Since today is her feast day, I was planning on doing an article about one of the very oldest paintings of St Clare that exists, a late 13th century altarpiece which is in her basilica in Assisi. Unfortunately, there is no image of it freely available and in high enough resolution to make it worth doing, but while looking for one, I stumbled across this very beautiful piece which is now in the Museu Nacional d’Art de Catalunya in Barcelona. (Click the image to see it up close; public domain from Wikimedia Commons. The museum’s website gives no information about its original provenance.)

This was painted in the workshop of an Aragonese artist named Llorenç Saragossà (Lorenzo Zaragoza in the modern Castilian spelling), whose work is documented in Barcelona and Valencia between 1363 and 1406. In the center of the lower part, we see the Virgin suckling the Christ Child, with St Barbara to the left and St Lucy to the right. St Clare is shown on the left, with a book and a rosary; on the right, St Anthony the Abbot, with a book and a bell. In the center of the upper section is depicted the Crucifixion, with the Virgin fainting amid a group of several other women, and St John next to the soldiers. The Annunciation is shown in two parts to either side: St Gabriel on the left, holding a banderole in his hands with the words “Ave, Maria... fructus”, and the Virgin kneeling in prayer on the right.

This work is very typical of the richly decorative International Gothic style; note the patterns worked into the architectural backgrounds of each of the six parts, the floors, and the Virgin’s robe.
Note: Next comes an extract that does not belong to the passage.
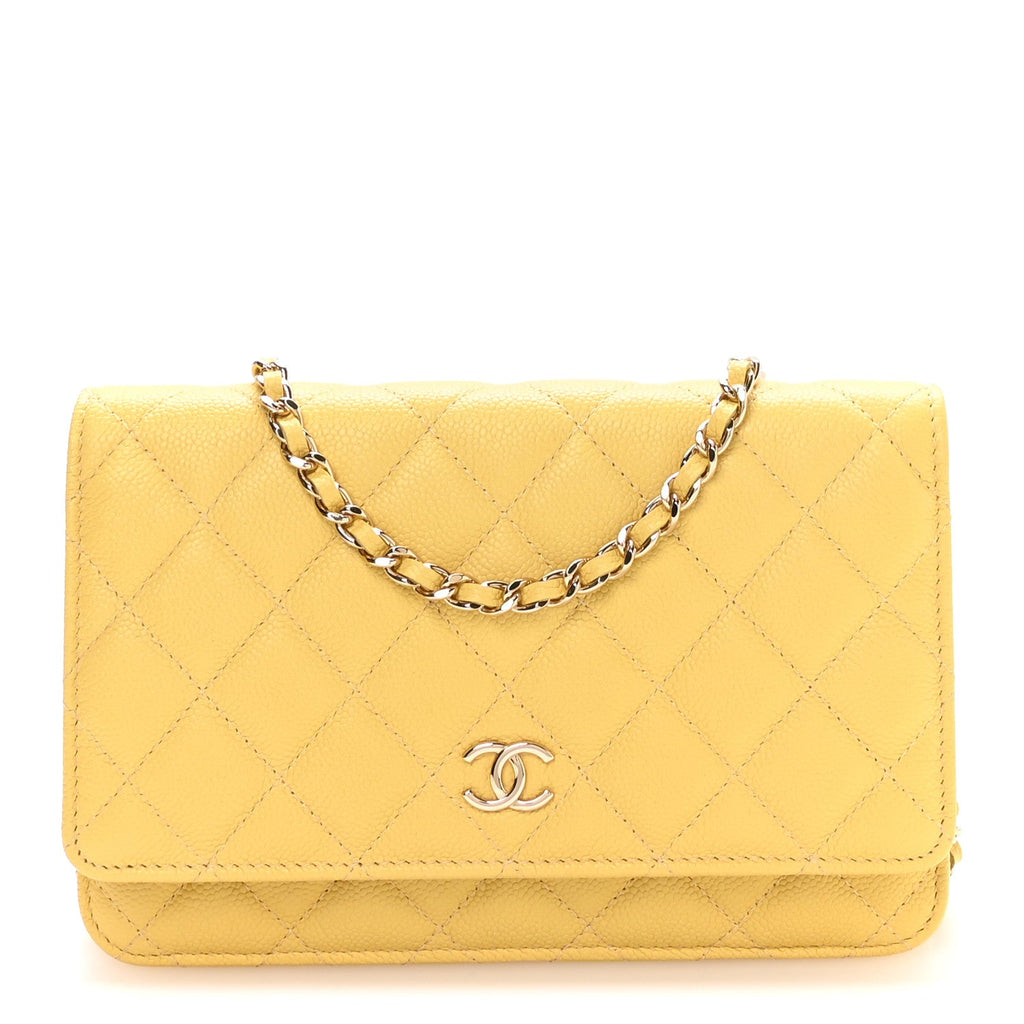 Caviar Quilted Tiny CC Wallet On Chain WOC Yellow wholesalehk.shop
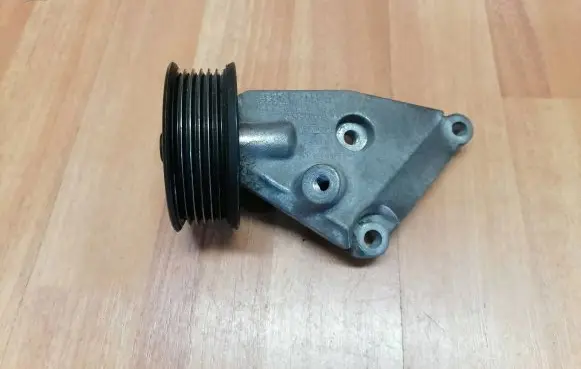 Jaguar XF X250 Alternator belt tensioner pulley 9X238A610AA 4R8Q19A216AC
At the same time, it shows the influence of the emerging trends in Florentine painting. I suspect that the panels of Ss Clare and Anthony were done by a different hand from the one that did the rest of it, since they show show a greater awareness of these trends than the other parts do. Their faces are better proportioned, and there is a much better sense of space within their figures, created by the variations of color in their robes.